**** Exercise inputs

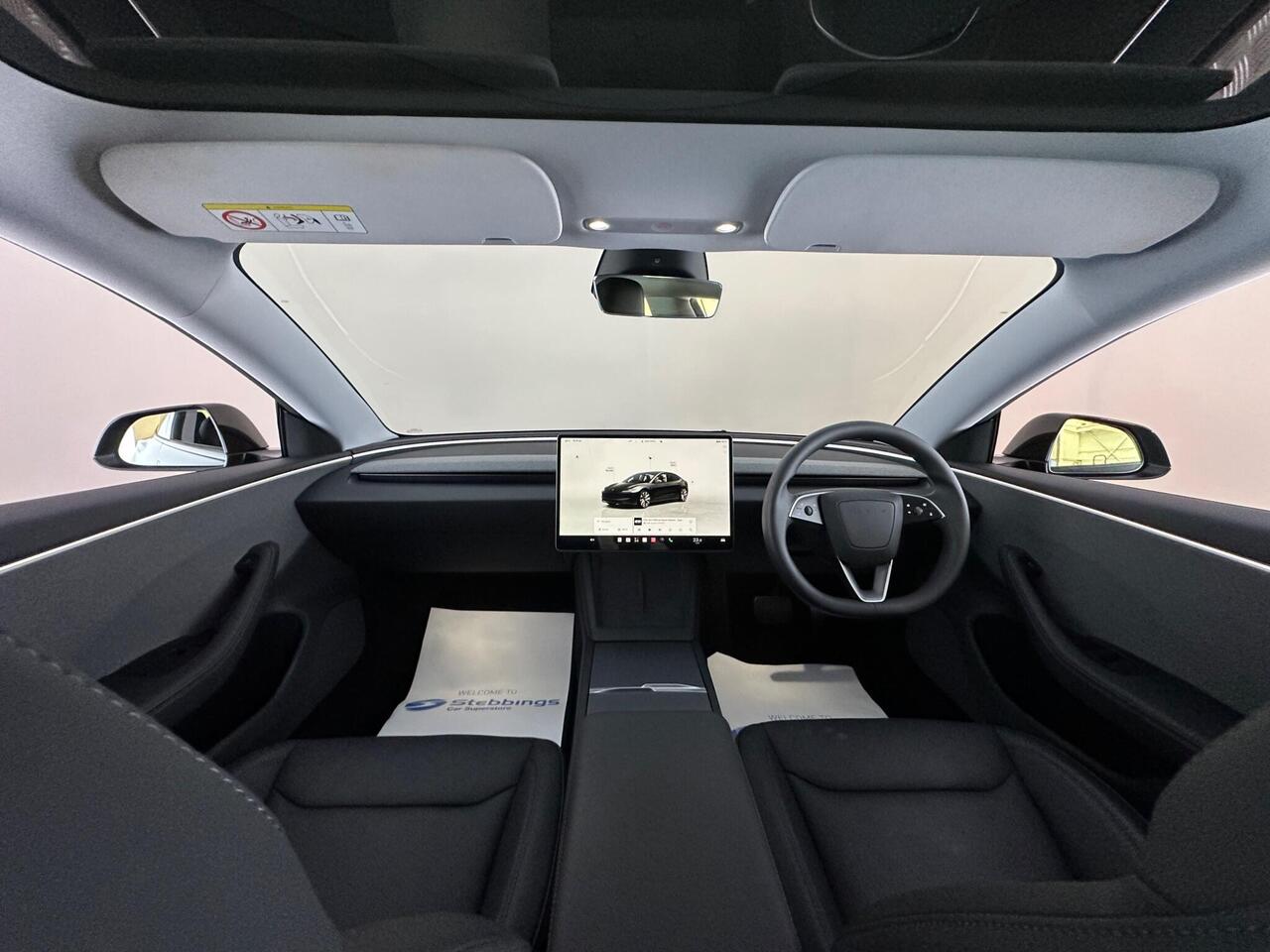 Tesla Model 3 LB74UKP
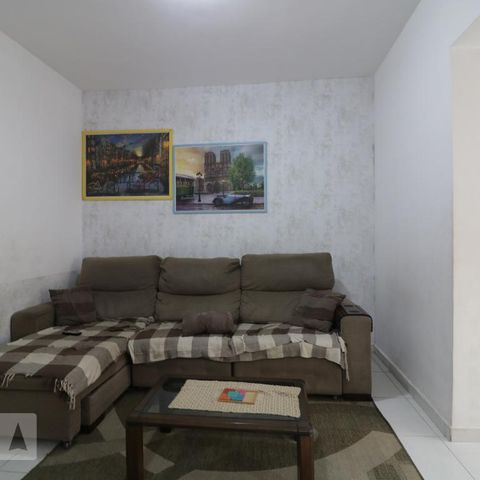 Casa à venda com 200m², 4 quartos e 3 vagasCasa 2 - Sala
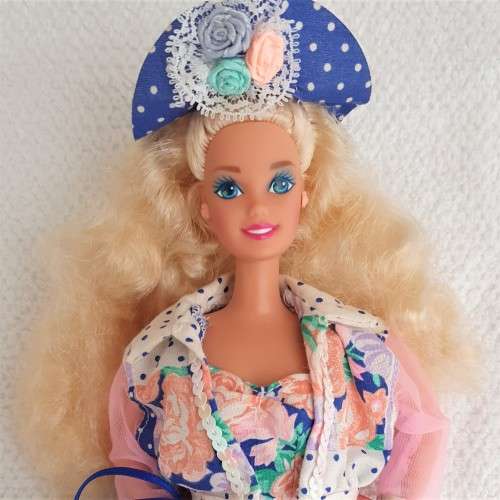 Vintage 1990s Teen Talk Barbie (1992) - Like new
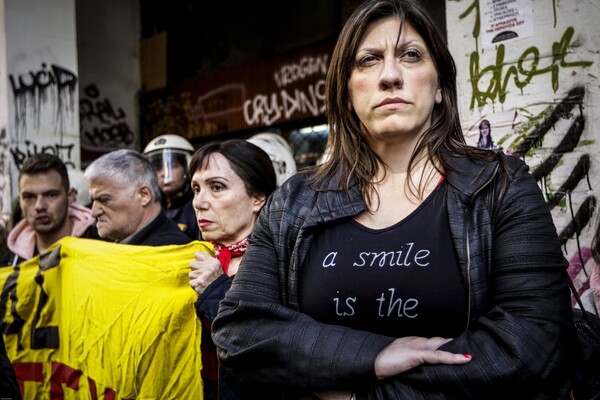 Ζωή Κωνσταντοπούλου στο Guardian: Αν αγαπάτε την Ελλάδα, βοηθήστε μας να απαλλαγούμε από τον Τσίπρα και το ζόμπι κόμμα του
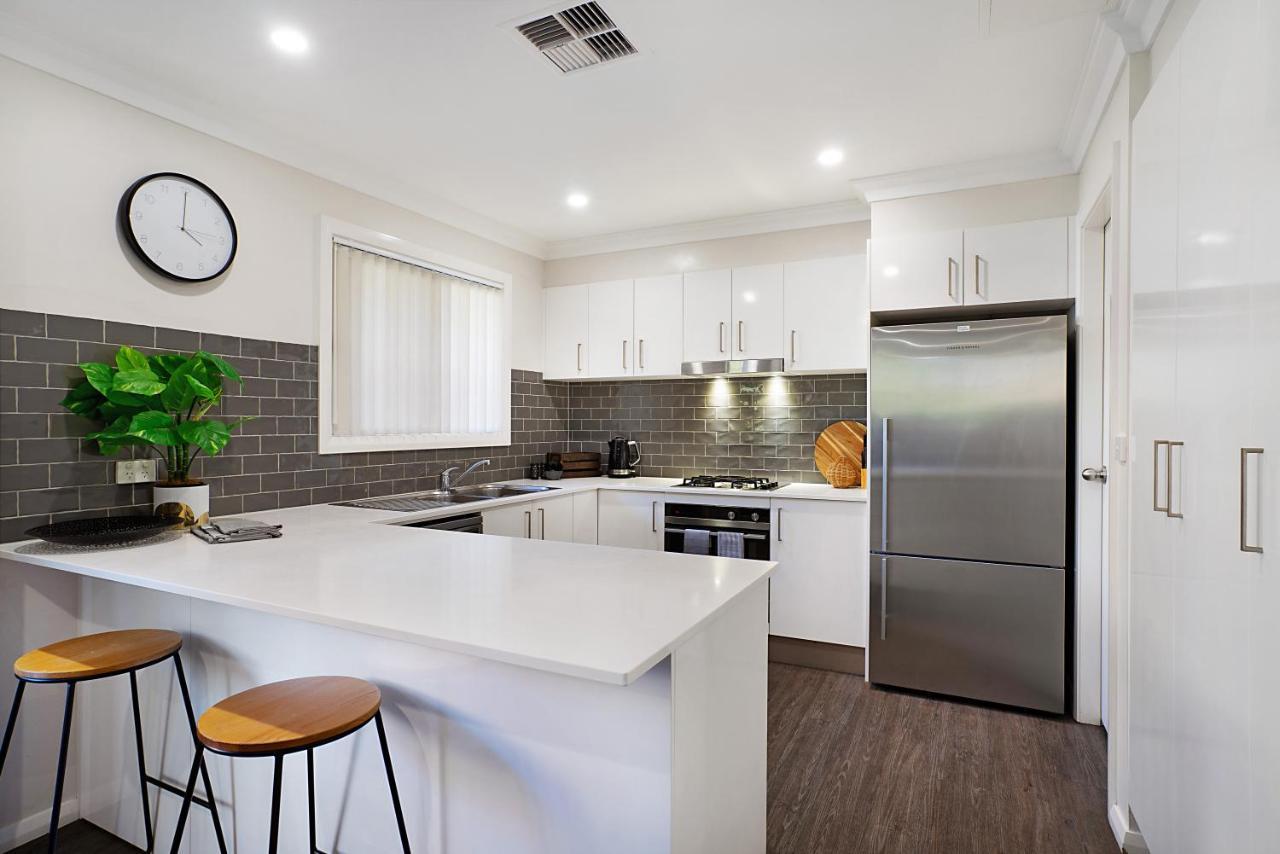Newcastle Short Stay Accommodation - Birmingham Garden Townhouses מראה חיצוני תמונה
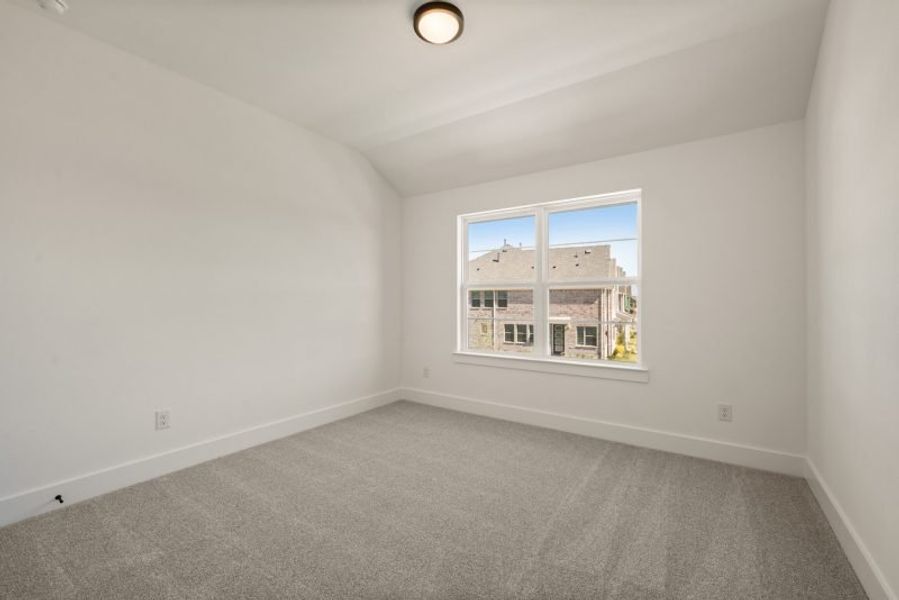 Spacious, unfurnished interior of a new home in Mosaic, Celina (Image 21).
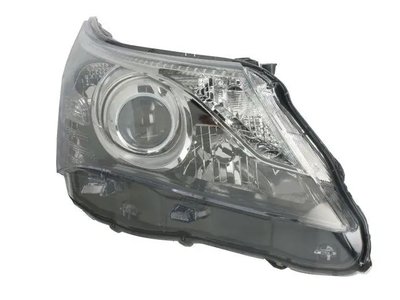 Правая фара  Toyota Avensis 2011-2015 Галоген Led Рестайлинг  8113005351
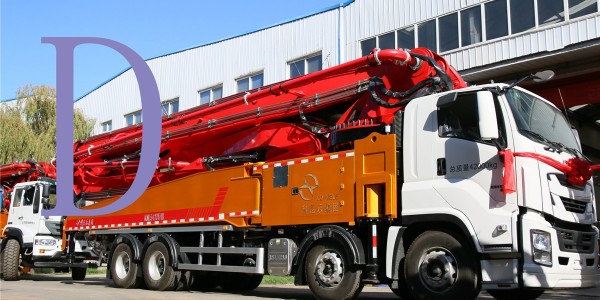 哪些是展開臂架時混凝土泵車要注意的？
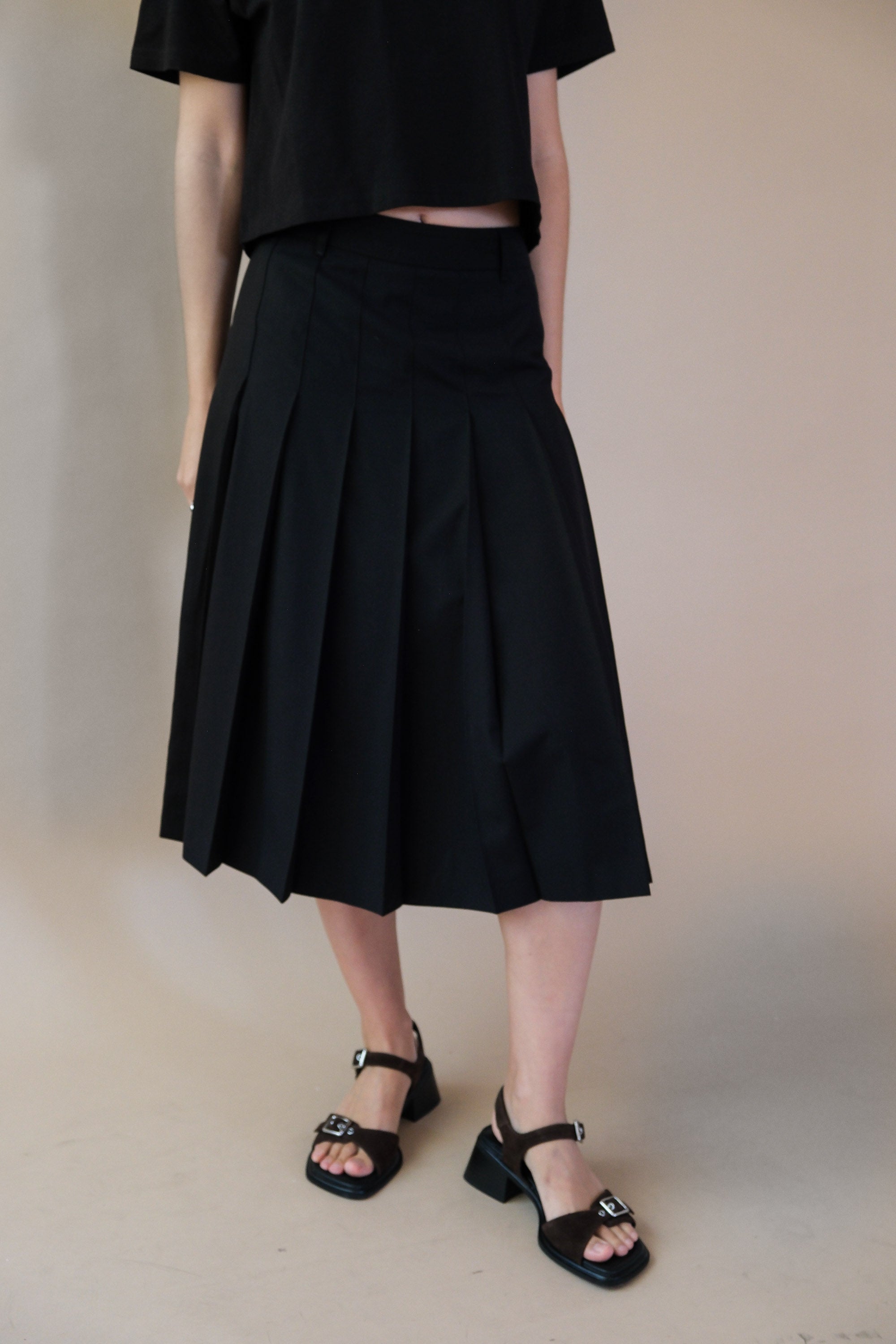 PLEATS LONG SKIRT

********

Assignment: The lines to return run from the line containing "Ζωή Κωνσταντοπούλου στο" through the last line of the records. Give them exactly, omitting pictures.

Problem solution:
 Ζωή Κωνσταντοπούλου στο Guardian: Αν αγαπάτε την Ελλάδα, βοηθήστε μας να απαλλαγούμε από τον Τσίπρα και το ζόμπι κόμμα του
Newcastle Short Stay Accommodation - Birmingham Garden Townhouses מראה חיצוני תמונה
 Spacious, unfurnished interior of a new home in Mosaic, Celina (Image 21).
 Правая фара  Toyota Avensis 2011-2015 Галоген Led Рестайлинг  8113005351
 哪些是展開臂架時混凝土泵車要注意的？
 PLEATS LONG SKIRT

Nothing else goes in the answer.